Languages Spoken in Mangalore
Religions in MangaloreThe most famous and largest religion that is found in Mangalore is Hinduism and the Billavas, Bunts, Ganigas and Mogaveeras are the main groups that form Hinduism in Mangalore. remaining sections of Hindus in Mangalore are formed by the Shivalli Brahmins, Kota Brahmins, Sthanika Brahmins, Havyaka Brahmins and the Goud Saraswat Brahmins. Sizeable section of the society in Mangalore comprises of Christians that consists of Catholics speaking Konkani and these Catholics are popularly called Mangalorean Catholics. Mangalorean Catholics form the largest community of Christians in Mangalore. Managalorean Protestants are the Protestants of Mangalore who are found speaking Kannada. Mangalore also consists of a large number of Muslims and the number is comparatively higher than the other cities and towns of Karnataka. Most of the Muslims who live in Mangalore are basically Bearys and they speak Beary bashe which is a common dialect of the Malayalam language. Majority of the Bearys in Mangalore follow Islamic Jurisprudence known as Shafi’i school of Fiqh. Landowners found residing in Mangalore follow Jainism.

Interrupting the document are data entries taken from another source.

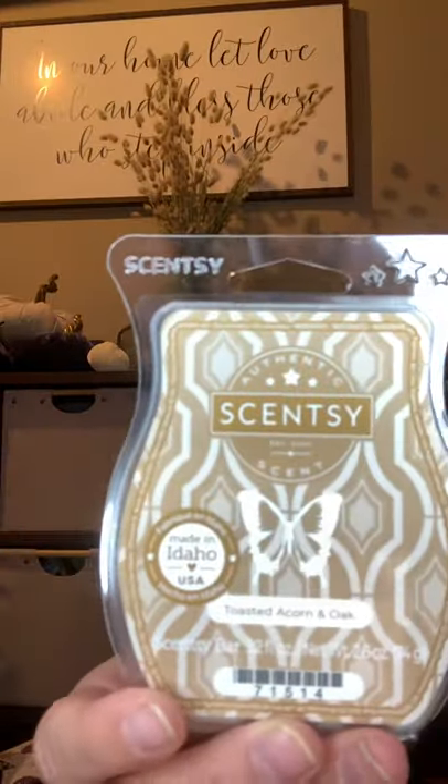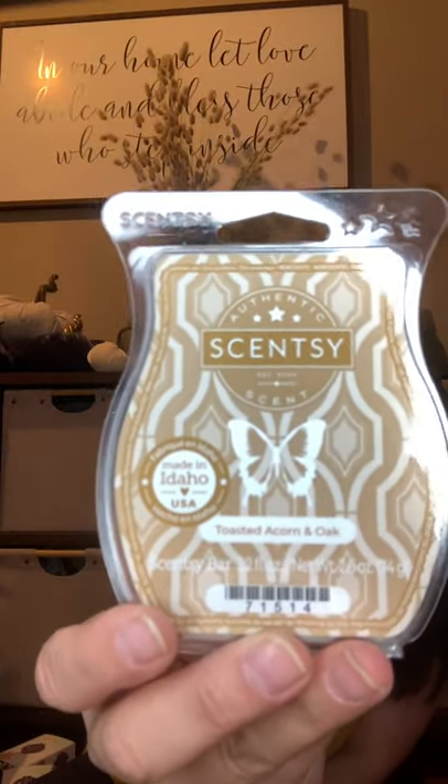This is almost cloyingly sweet, in my opinion. I usually like fresh, fruity, some woodsy — I like clean. I'm not into bakery; that's the one thing I can rule out. This almost smells a little bakery in that it's cloyingly sweet. So if you really like bakery scents, you'll probably really enjoy this bar. For me it's a no, just because it's not my type of scent.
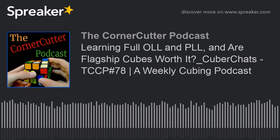Welcome to the Corner Cutter Podcast, podcasting since 2014 and cubing since 2015. I'm your host Josh, and this is the most consistent speed cubing podcast dedicated to entertain and educate you with in-depth conversations with cubers from all across the sport. My website is thecornercutterpodcast.com, and thank you so much for joining me today for episode 78.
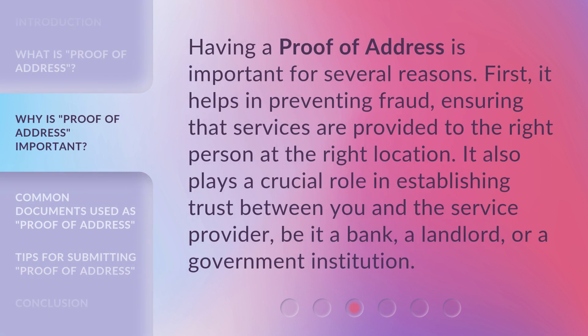Having a proof of address is important for several reasons. First, it helps in preventing fraud, ensuring that services are provided to the right person at the right location. It also plays a crucial role in establishing trust between you and the service provider, be it a bank, a landlord, or a government institution.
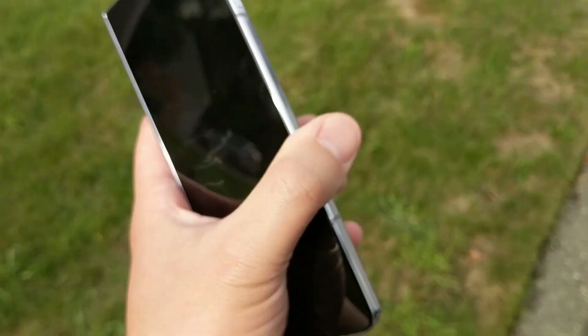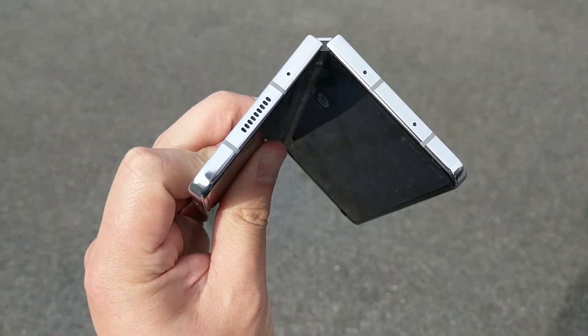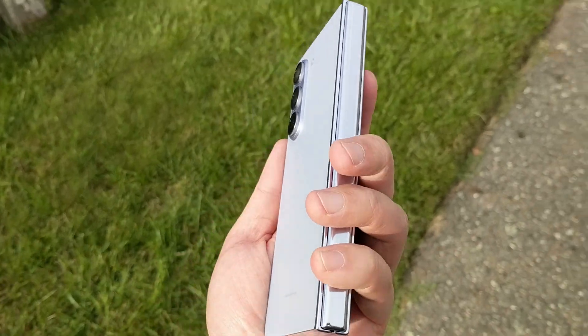Overall, the Galaxy Z Fold 5 — I'm glad they made it a little bit lighter, but it's still heavy. With the new hinge, it does close tighter and it is flat, so it prevents less dust from getting in, which is nice. All folding phones in general — the idea sounds cool, but it picks up a lot of dust. The crease is still there, and the built-in screen protector is super shiny and reflective, so it's not a very pleasant experience in terms of quality and build material.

The culture, people and the festivals of Mangalore are considered to be the most important and the most integral part of Mangalore. it is a city that is located in Karnataka and it also serves as the main port of India. The culture of Mangalore is also exposed in the flourishing industries, the beaches that are sun-kissed and the exquisite temples of the city. Mangalore is truly a multicultural city and the culture of this city is also highlighted through its handicrafts, dance forms, cuisines, rural sports and festivals.